Racing to calculus in high school so that you can repeat it in college?

Our high school, my daughter’s year: 3 students in Calc BC as 9th graders, all European-Americans. One Asian-American in Calc AB in 9th grade. A few years later, one Asian American 8th grader in Calc BC, but that did not go so well.

I think an issue that has not been discussed in connection with the “race to calculus,” is “What is the alternative, for a student who really understands math?” There may be few schools that have implemented the AoPS suggestion of better pre-calculus math. It is certainly possible, in principle. But it requires teachers who understand math pretty deeply, to be able to handle it.

My daughter was fortunate to have a really good 7th grade math teacher, who truly understood math. But he was rather atypical for the school system, even though it is a good school system (relative to our state).

Two of the 9th graders in Calc BC took AP Statistics the next year, rather than more advanced math at the university. They understood topics that the AP Statistics teacher really did not (chi-squared test, anyone?), and one of them wound up serving as a sort of “auxiliary AP Statistics teacher.”

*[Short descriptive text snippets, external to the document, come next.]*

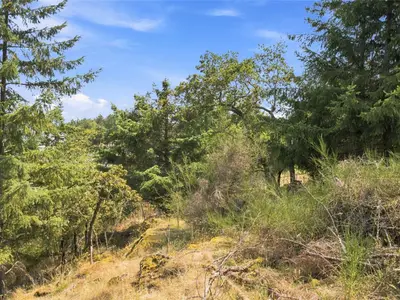 View 22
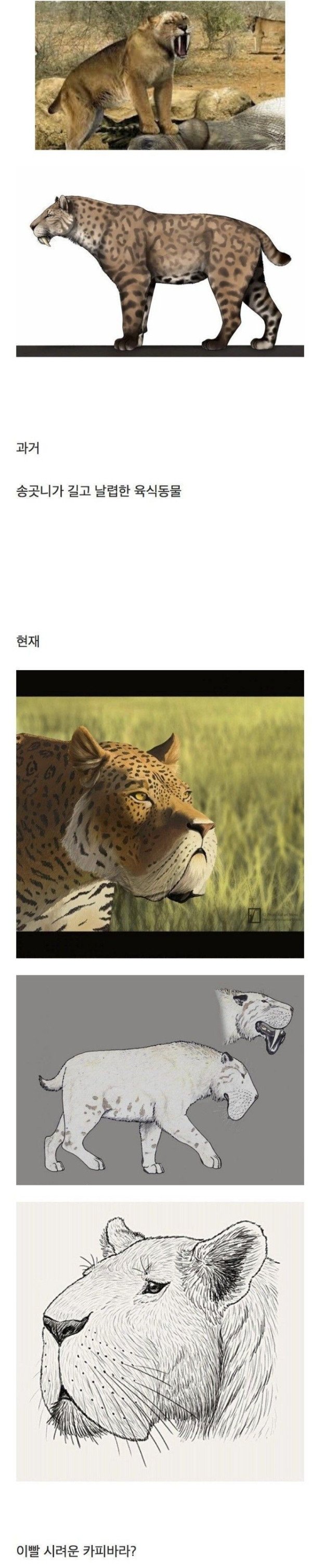 개꿀유머 검치호 복원 근황.jpg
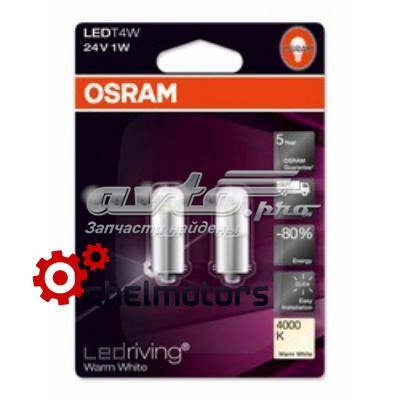 3924WW02B Osram Bombilla de cruce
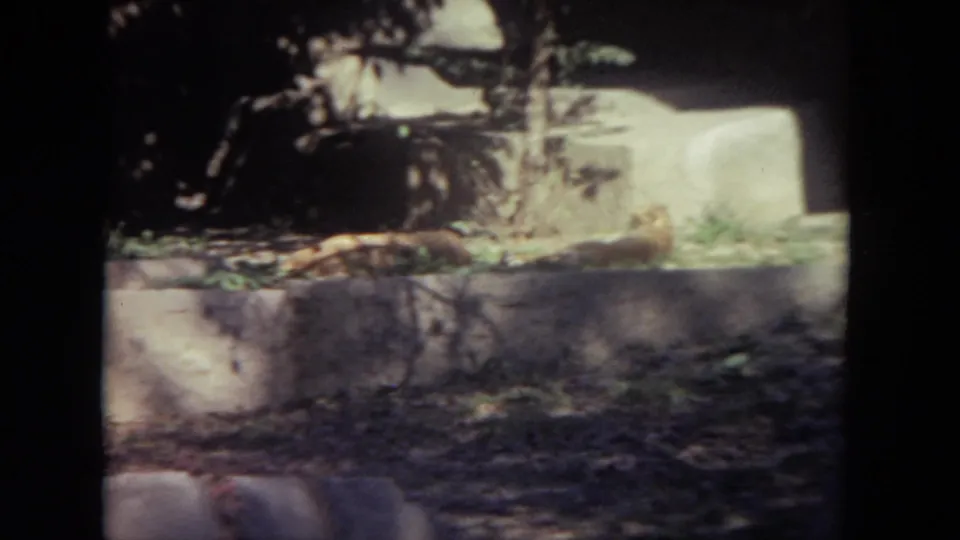 Outdoor zoo enclosure in the supplied Lincoln Park clip, with wall, winter ground cover, shadows, and a probable lion shape in the rear.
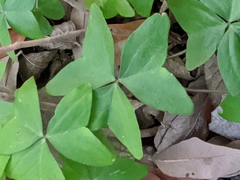 Oxalis intermedia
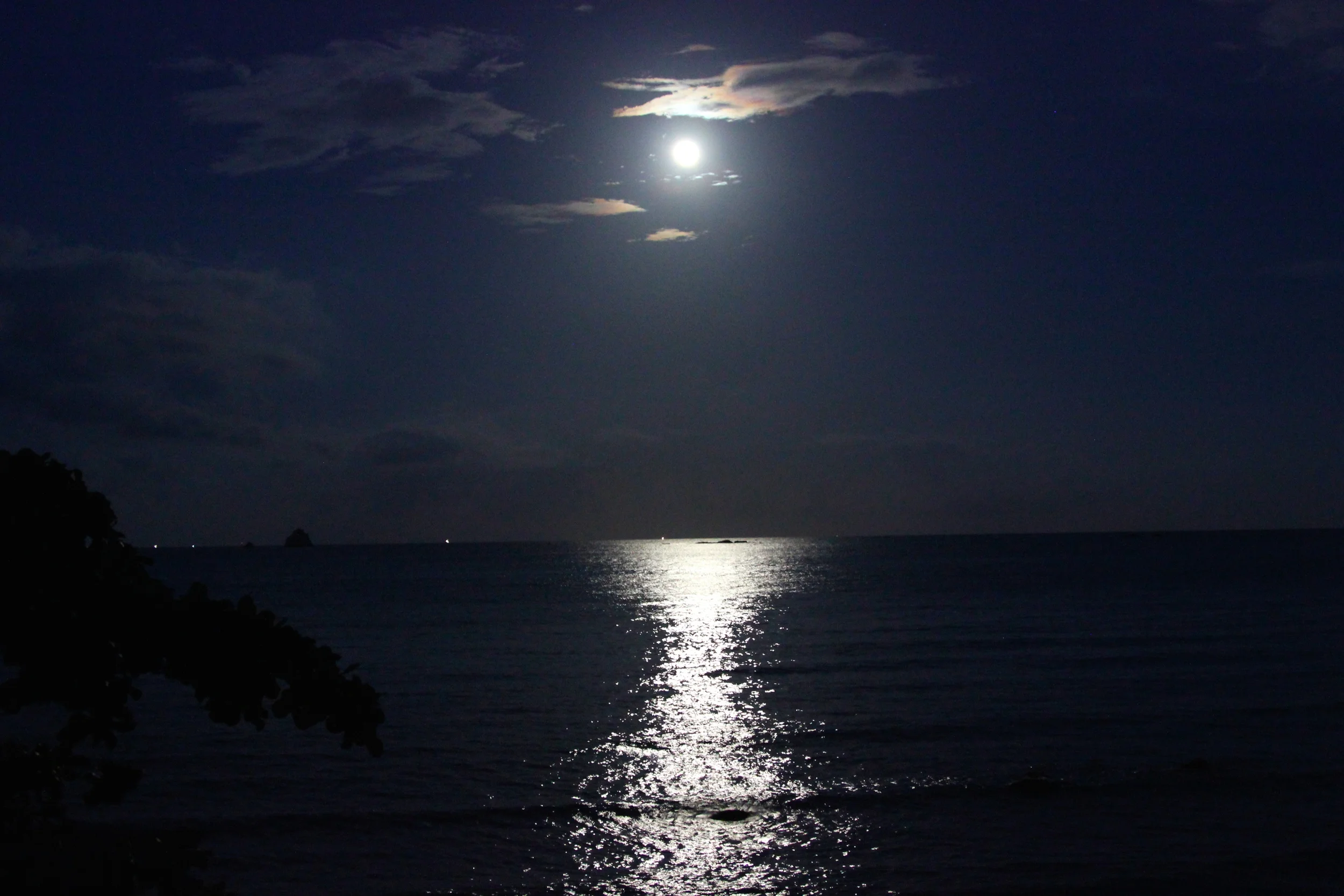 Victoria's Secret Bikini, Bespoke Inn Linen Top, Tularosa Dress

My daughter took the university probability and statistics course that had multi-variable calculus as a pre-requisite, instead of AP Statistics, though she also took the AP Statistics test. If you look at some of the material that the College Board has posted on the free-response questions for AP Statistics, you will probably be able to see why my spouse refers to it as “Behavioral Compliance Math.” For example, suppose that you want to apply the chi-squared test to a set of data in “boxes.” You have to state that the data fit the requirements for applicability of the chi-squared test, or you are docked points on the free response. So far, okay. But apparently you have to note explicitly an inequality about the numbers in the boxes. If 7 is the smallest, in this example case, your answer has to include 7 > 5, to receive full credit. Really? (I am drawing on a memory of the CB posted, graded free-response questions from about a decade ago, so the details may not be quite correct, but the need for the trivial inequality is certainly correct.)

Now, imagine this situation, which has been set up by quite well-educated teachers of statistics, but translated into a typical high school classroom at a good-ish high school. It would drive a good young mathematician bonkers!